Oh, the shame of it all…
Yesterday the conversation came around to childhood pets as James was cooking, and I was wandering around trying to look useful. We were discussing the various traumas of pets that met their makers, and I said, in all innocence, “When I was really young, I had a cat named Stacy, but she ran away.”
James choked over his cooking, nearly killed himself with the butcher knife, put it down, guffawed, tried to stop himself, and finally choked out, “Dear…the cat didn’t run away.”
There was a lengthy silence while I reviewed the available data and said, with dawning horror “Hey! They never put up flyers or looked for her or anything! And they just came in and said “The cat ran away” not “Hey, has anybody seen the cat? Keep an eye out…she’ll turn up. Oh my god!”

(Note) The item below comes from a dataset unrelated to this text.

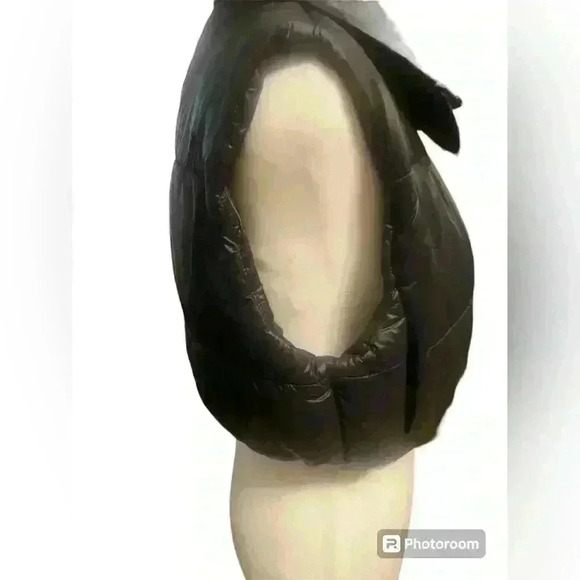 Daisy Puffer sleeveless jacket with front zipper & snaps elastic waist size med - Picture 3 of 5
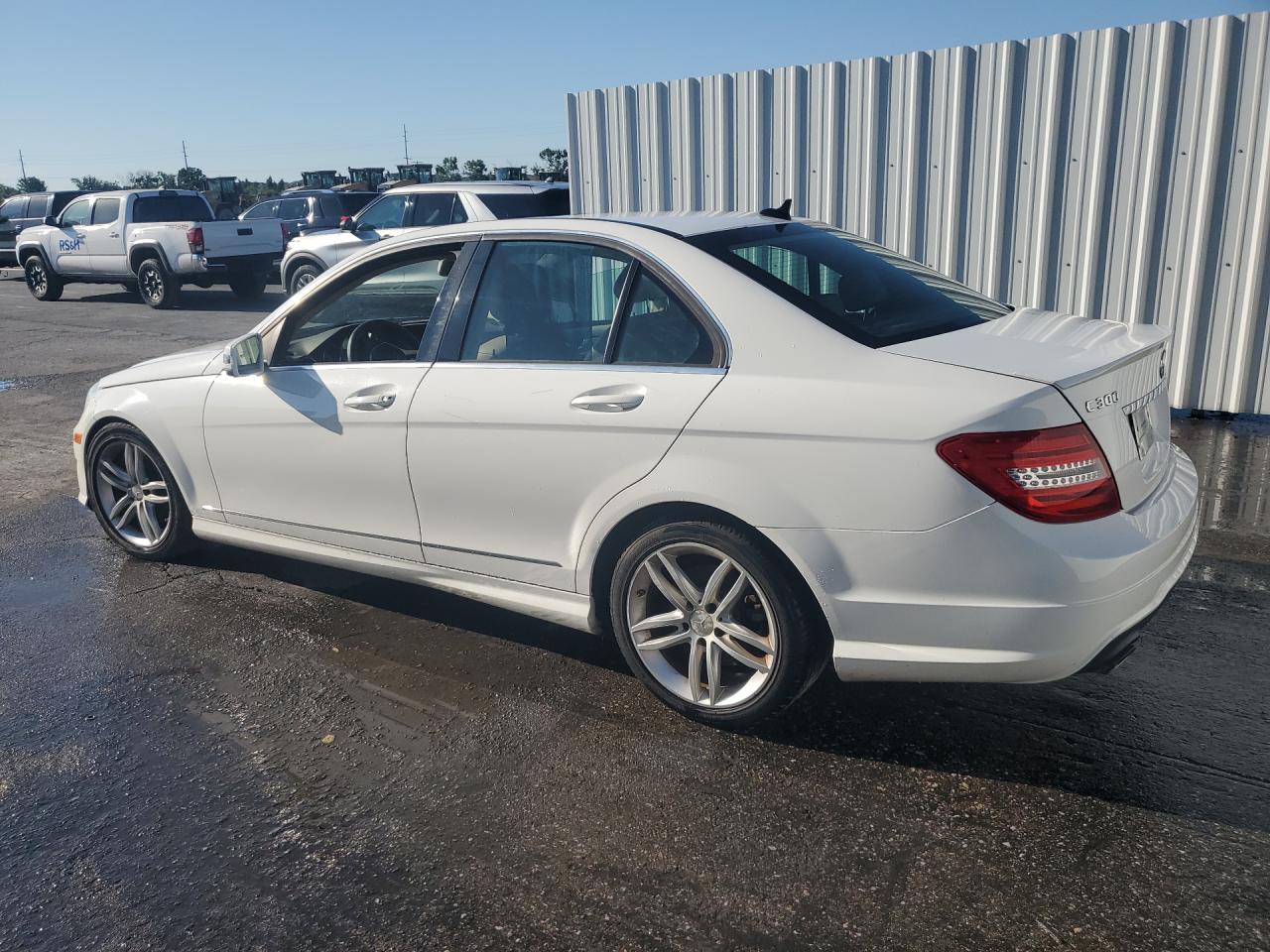 2013 Mercedes-benz C 300 4matic White vin: WDDGF8AB1DA814109 Damage: Left Qtr Panel, Dent(S) W/No Paint Dmg, < 1/8 Inch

Now, I don’t believe in weenie childhood traumas or getting all het up about things that happened twenty years ago, and I wasn’t terribly upset about the fate of the cat–it was an unpredictable, aggressive beast, and even had it been a paragon of felinity, the cat has long passed this mortal coil no matter what. However, the realization that I had never once questioned this improbable tale floored me. I called me mother, who guiltily confirmed that the cat had, in fact, first run up the drapes and then slid down then, shredding ’em, and then bitten my grandmother, which proved the final straw. Grandma, being a tough lady, took the cat somewhere. Where is not entirely clear, but we can assume Grandma took her to the pound.
I’m not upset. Before all our animal lovers get up in arms, or god forbid, start offering me sympathy, please don’t–it was a long time ago, all the participants except my mother and myself are long dead, and the cat had serious, unreformable behavioral issues of the type that would probably lead me as an adult, now, to consider the animal intractable. In practical terms, a cat that attacks people every time it gets a chance is probably not terribly happy with its life anyway. Having a pet is like having a relationship–both participants gotta get something out of it, and guilt doesn’t count as “something”–if you’ve made a good faith effort and the animal’s behavioral problems are madly out of control, give it up. So that didn’t bug me at all, I am wallowing in no guilt or unearned pathos. Let us be pragmatic. (And c’mon, it was twenty years ago.)
No, what drove me to that horrified laughter of hysterical realization (you know the kind) is that in all these years of bein’ a skeptic, I never questioned my grandmother’s story. My mother commiserated–her dog “went to live on the farm” at one point when she was a child (Grandma passed on before we thought to inquire, but Mom thought the dog had probably died of something or other.) Grandma was just that sort of person. The whole thing left me bemused–I mean, it was like a set up in a sit-com or something. I feel like such a doof. I know, you get told these things as a kid and you believe ’em, and there’s no reason to ever question them, but it’s the principle!
I’m just not gonna ask what became of my goldfish.